Tüm dosya kapsamı değerlendirildiğinde, davalı … Yapı Ürünleri Sanayi ve Ticaret Anonim Şirketinin üretici firma olması nedeniyle üretici sıfatı ile üründen kaynaklı bir zarar oluşması halinde satıcı ile birlikte müteselsilen sorumlu olacağı, bu nedenle davalı üretici firmaya husumet yöneltilmesinde hukuki yararın bulunduğu anlaşılmakla, bu yönden davacı vekilinin istinaf talebinin kabulüne, diğer istinaf taleplerinin ise verilen kararın usul ve yasaya uygun olup denetime elverişli bilirkişi raporu doğrultusunda karar verilmiş olması nedeniyle reddine karar verilmiştir.
Sonuç olarak, davacı vekilinin istinaf başvurusunun 6100 Sayılı HMK’nın 353/1-b-2. maddesi gereğince esastan kabulüne, İlk Derece Mahkemesi kararının kaldırılmasına karar vermek gerekmiş ve davalıların istinafı olmadığından usuli kazanılmış haklar gözetilerek aşağıdaki şekilde hüküm kurulmuştur.

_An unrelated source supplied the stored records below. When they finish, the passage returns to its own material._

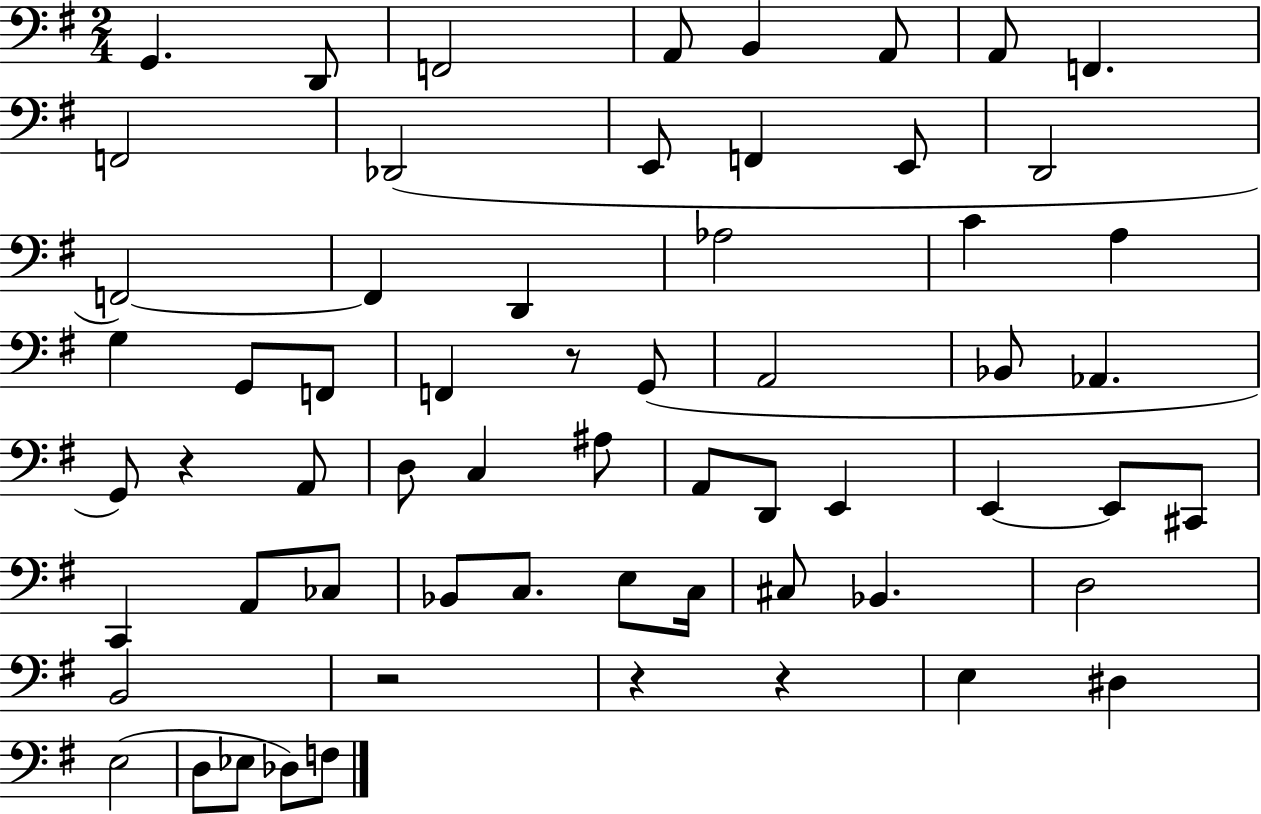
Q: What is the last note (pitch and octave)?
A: F3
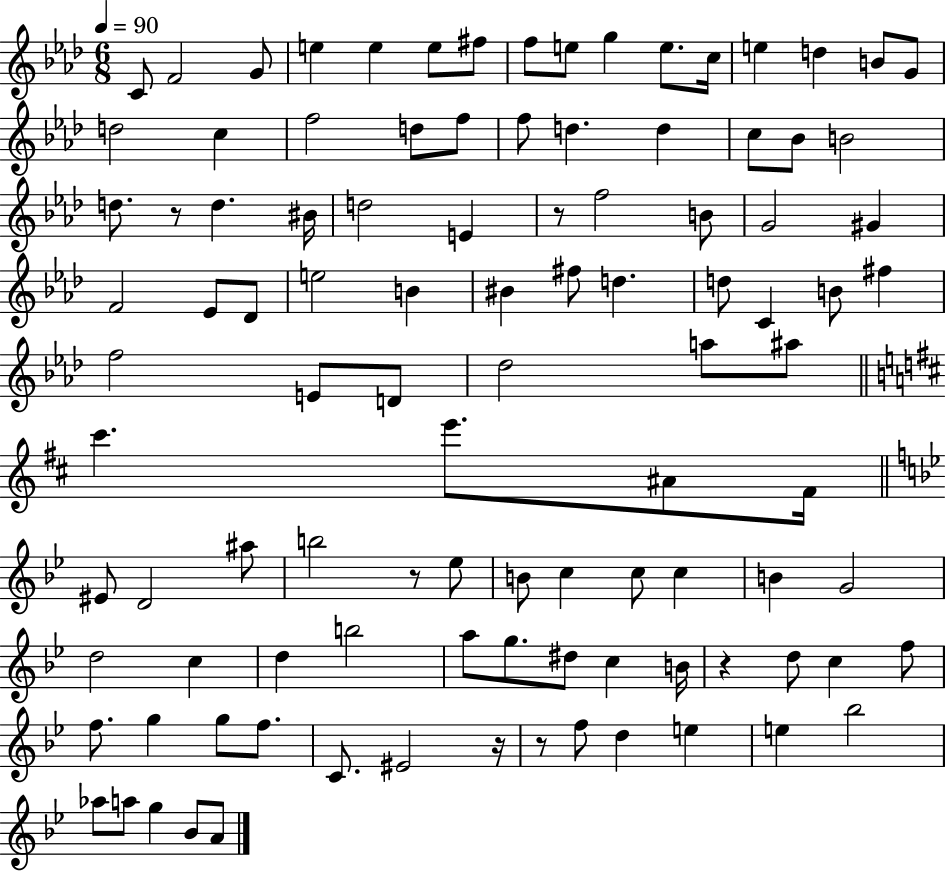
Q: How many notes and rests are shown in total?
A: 103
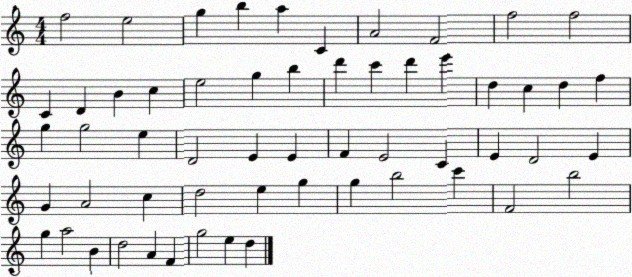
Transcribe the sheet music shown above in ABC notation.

X:1
T:Untitled
M:4/4
L:1/4
K:C
f2 e2 g b a C A2 F2 f2 f2 C D B c e2 g b d' c' d' e' d c d f g g2 e D2 E E F E2 C E D2 E G A2 c d2 e g g b2 c' F2 b2 g a2 B d2 A F g2 e d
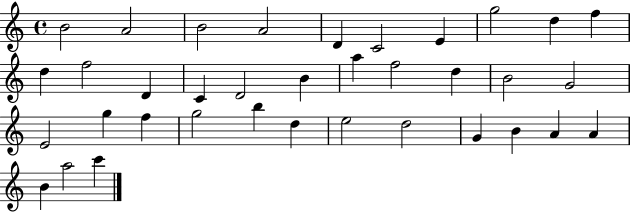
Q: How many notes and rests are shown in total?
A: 36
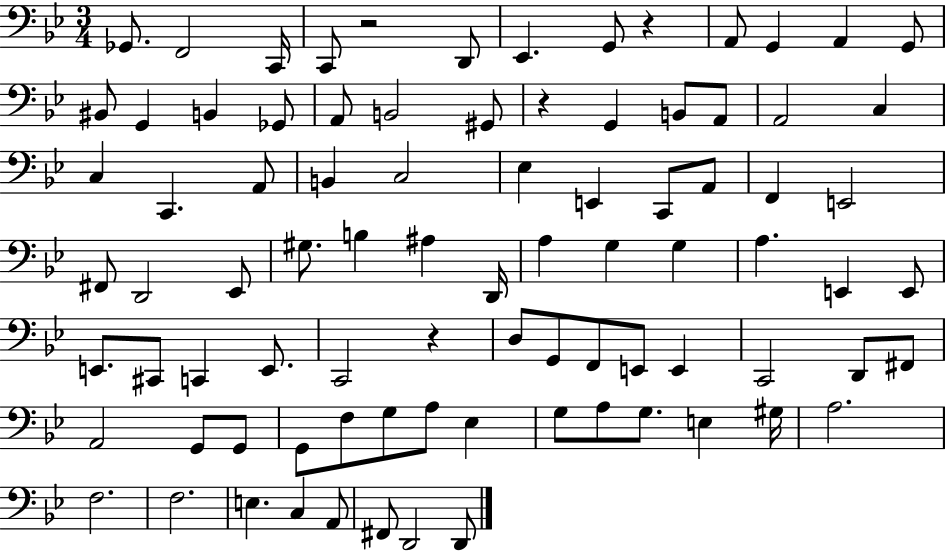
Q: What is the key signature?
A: BES major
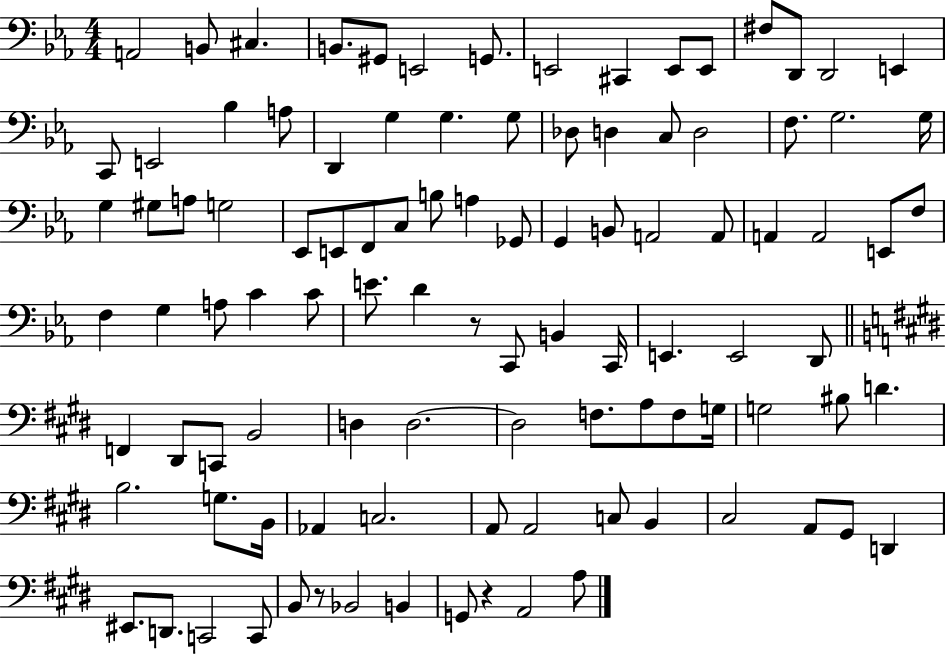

HÜKÜM:Gerekçesi yukarıda açıklandığı üzere;
1-Davacı vekilinin İlk Derece Mahkemesi kararına ilişkin istinaf başvurusunun ESASTAN KABULÜNE,
2-6100 sayılı HMK’nın 353/1-b-2. maddesi gereğince Antalya 1. Asliye Ticaret Mahkemesinin 18/02/2021 Tarih ve … Esas, … Karar sayılı KARARININ KALDIRILMASINA,
a-Davalılar … Mobilya İnşaat ve İnş. Malz. San. Tic. Ltd. Şti. ile … Yapı Ürünleri San. ve Tic. A.Ş. ‘ye karşı açılan davanın ayrı ayrı esastan REDDİNE,
b-492 Sayılı Harçlar Kanunu gereğince alınması gerekli 179,90 TL harçtan peşin olarak yatırılan 816,14 TL harcın mahsubuyla fazla alınan bakiye 636,24 TL harcın davacıya İADESİNE,
c-Arabuluculuk aşamasında sarf edilen 1.320,00 TL’nin yargılama gideri olarak 6183 sayılı kanuna göre tahsil edilmek üzere davacıdan alınarak Hazineye İRAT KAYDINA,
d-Davalılar kendilerini vekille temsil ettirdiklerinden karar tarihinde yürürlükte bulunan AAÜT uyarınca hesaplanan 7.012,70 TL vekalet ücretinin davacıdan alınarak davalılara VERİLMESİNE,
e-Davacı tarafından yatırılan gider avansından kullanılmayan kısmının 6100 Sayılı HMK’nın 333. maddesi gereğince İlk Derece Mahkemesince davacıya İADESİNE,
3-İstinaf incelemesi yönünden;
a-Davacının istinaf başvurusu kabul edildiğinden 492 Sayılı Harçlar Kanunu gereğince peşin olarak yatırılan 59,30 TL maktu istinaf karar harcının talebi halinde davacıya İADESİNE,
b-Davacı tarafından istinaf incelemesi için yapılan yargılama giderlerinin kendi üzerinde BIRAKILMASINA,
c-İstinaf incelemesi duruşmasız yapıldığından davacı lehine vekalet ücreti takdirine YER OLMADIĞINA,
d-İstinaf gider avansından kullanılmayan kısmının 6100 Sayılı HMK’nın 333. maddesi uyarınca İlk Derece Mahkemesince ilgilisine İADESİNE,
4-Kararın İlk Derece Mahkemesince taraflara TEBLİĞİNE,
Dair, 6100 sayılı HMK’nın 353/1-b-2. maddesi gereğince dosya üzerinde yapılan inceleme sonucunda oybirliğiyle, 6100 Sayılı HMK’nın 362/1-a. maddesi gereğince dava değerinin karar tarihi itibariyle temyiz kesinlik sınırı olan 238.730,00 TL’nin altında kalması nedeniyle kesin olarak karar verildi.